Parallel to this, its look at the way Meghan is a lightning rod for social media hatred is particularly compelling. Her case aligns with verified data concerning marginalized people being the main targets of online abuse and violent threats. Harry may sound hyperbolic when he calls social media bullying a humanitarian crisis, but once Bot Sentinel founder and CEO Christopher Bouzy breaks it down, you realize he's not so far off.

Bot Sentinel is a non-partisan enterprise dedicated to combatting disinformation and targeted harassment by monitoring accounts for signs of trolling and inauthentic accounts. In the series, Bouzy declares that the online coordination dedicated to stirring up hatred for the couple is unlike anything his company has ever seen.

Meghan, Duchess of Sussex and Prince Harry, Duke of Sussex attend a reception to mark the fiftieth anniversary of the investiture of the Prince of Wales at Buckingham Palace on March 5, 2019 in London, England. (Dominic Lipinski - WPA Pool/Getty Images)

His company analyzed 114,000 tweets and found that 70% of the most hateful content originated from 83 accounts that had a reach of 17 million users. Most of the content was produced by middle-aged white women, said Bouzy . . . allegedly including Meghan's half-sister Samantha. (Samantha Markle denies involvement through her lawyer, claiming her account was hacked. Sure, Jan.)
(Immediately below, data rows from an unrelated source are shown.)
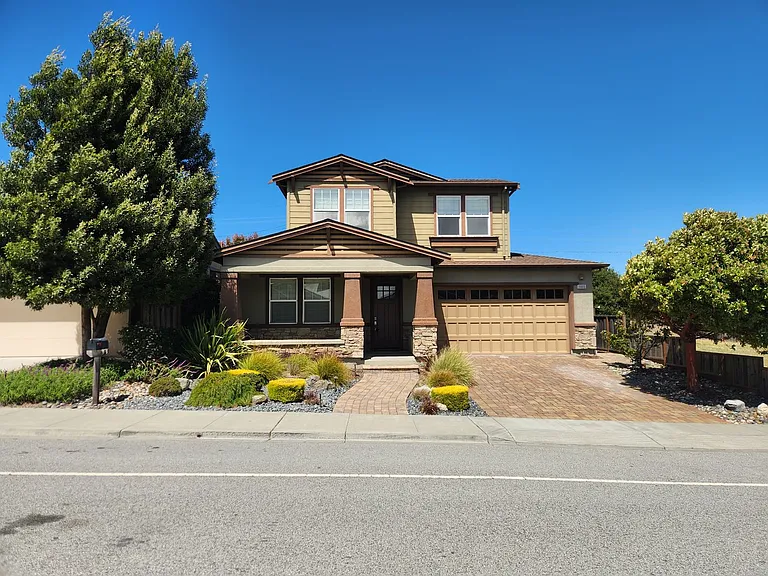 1655 Claremont Dr — Photo 47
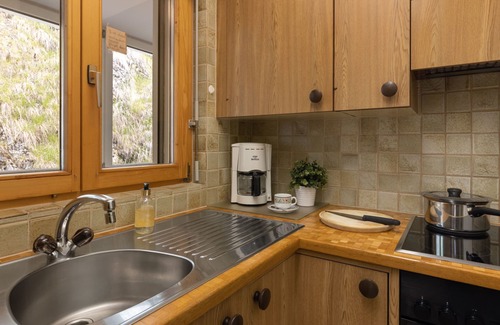 Davos-Platz Apartment | Apartmen Nölly by Interhome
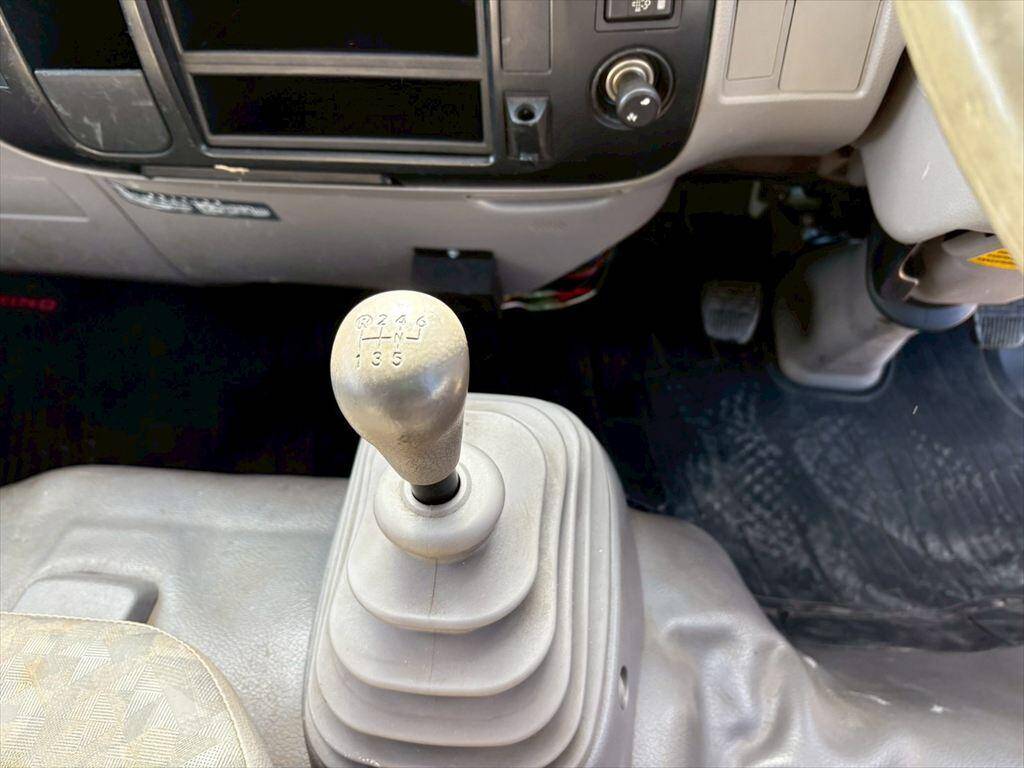 日野デュトロクレーン4段小型（2t・3t）[写真18]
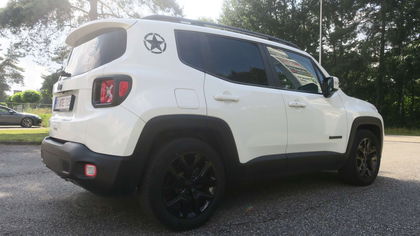 Jeep Renegade 1.3 T4 Black Star DDCT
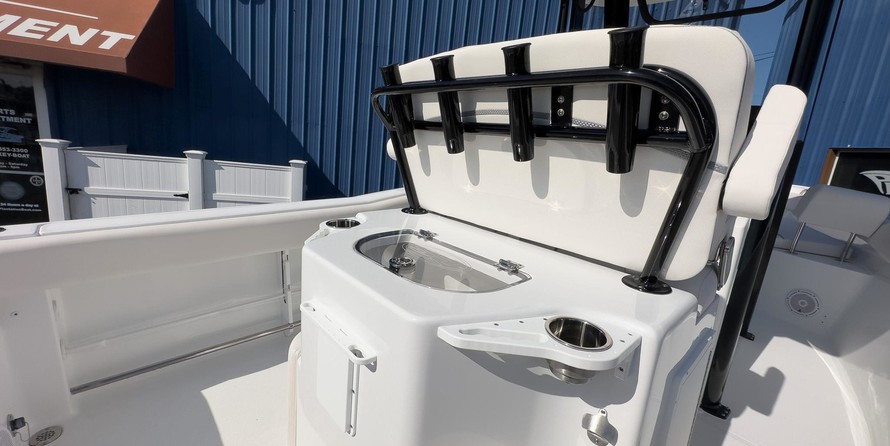 Sea Ray hunt ultra 211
The couple's natural reaction to this can't help coming across as anything but personal, since these trolling efforts helped to escalate the death threats Meghan received. "You are making people want to kill me. It's not just a tabloid. It's not just some story. You are making me scared," she says through tears. "And you've created it for what? Because you're bored or because it sells your papers or it makes you feel better about your own life? It's real, what you're doing. And that's the piece I don't think people fully understand."

Author Safiya Noble seconds this by saying, "Let's be clear about what's actually at stake here: It's like symbolic annihilation. If you can destroy people who are symbols of social justice, then you can scare people to not want to be public. It is a way to signal to the rest of us to stand down."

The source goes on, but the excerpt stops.